How To Discipline Your Child: Age 3-5
As your child grows, he or she begins to understand the connection between actions and consequences. This means that parents can punish their children for their misdeeds. However, the type of punishment is taken into consideration. Here are some tips in applying discipline on your young child.
Explain the rules before you punish them – It’s important to explain to kids what you expect of them before you punish them for a certain behavior. For example, the first time your 3-year-old uses crayons to decorate the kitchen counter. You should discuss why that is not allowed and what will happen if your child does this again. Explain to your child that he or she will have to clean the countertop and will not be able to use crayons for the rest of the afternoon. If your child does it again, remind him or her that crayons are for paper only and then enforce the consequences.
Be consistent when it comes to discipline – It’s sometimes easier for parents to ignore occasional bad behavior or fail to follow through on some threatened punishment. However, this risks setting a bad precedent. It is important for parents to decide together what the rules are and then be unswerving in upholding them. This makes it clear to your kids what behaviors will be punished.

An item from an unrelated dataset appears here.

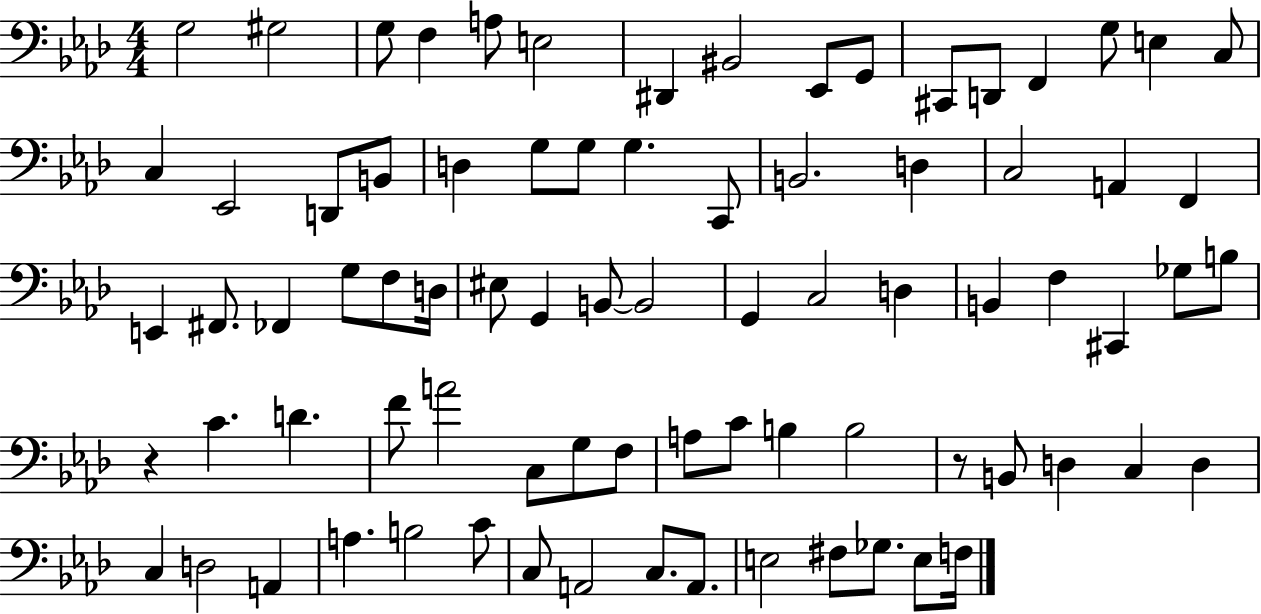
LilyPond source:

Reward good behaviors – Discipline is not just about punishment. Parents need to remember to recognize good behavior. Praising your child for sharing his toys at the playground is more effective than punishing him for not sharing. Remember to be specific when praising your child. Don’t just say, “Good job!”
Monitor your child’s misbehavior – Try applying a chart system if your child is displaying an unacceptable, repetitive behavior. Put up a chart with a box for each day of the week and decide how many chances you will give your child to display the unacceptable behavior before punishing him or her. The chart can also display how long the proper behavior must be displayed before it is rewarded. Monitor your child’s behavior on a daily basis, giving your child a concrete look at how he or she is doing. Once this begins to work, do not forget to praise your child for learning to control misbehavior.

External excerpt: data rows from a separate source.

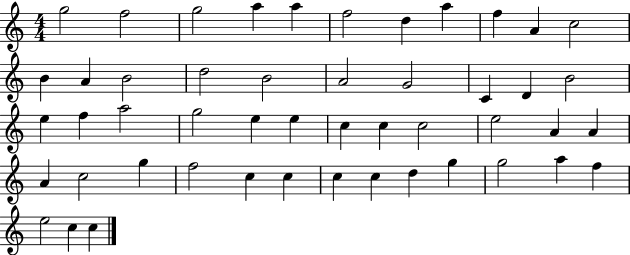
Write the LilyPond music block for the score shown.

{
  \clef treble
  \numericTimeSignature
  \time 4/4
  \key c \major
  g''2 f''2 | g''2 a''4 a''4 | f''2 d''4 a''4 | f''4 a'4 c''2 | \break b'4 a'4 b'2 | d''2 b'2 | a'2 g'2 | c'4 d'4 b'2 | \break e''4 f''4 a''2 | g''2 e''4 e''4 | c''4 c''4 c''2 | e''2 a'4 a'4 | \break a'4 c''2 g''4 | f''2 c''4 c''4 | c''4 c''4 d''4 g''4 | g''2 a''4 f''4 | \break e''2 c''4 c''4 | \bar "|."
}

Timeouts can work well – Establish a suitable timeout place that is free from distractions like computers, TVs, and video games, and will force your child to think about how he or she has behaved. Consider the length of time that will best suit your child. Rule of thumb suggests one minute per year of age is a good basis to follow, or you can use the timeout until the child is calmed down.
Tell what is right – Inform your child on what is the right thing to do, not just tell your child what not to do. Instead of telling your child not to play with their food, you may want to remind them that foods should be eaten to make them healthy.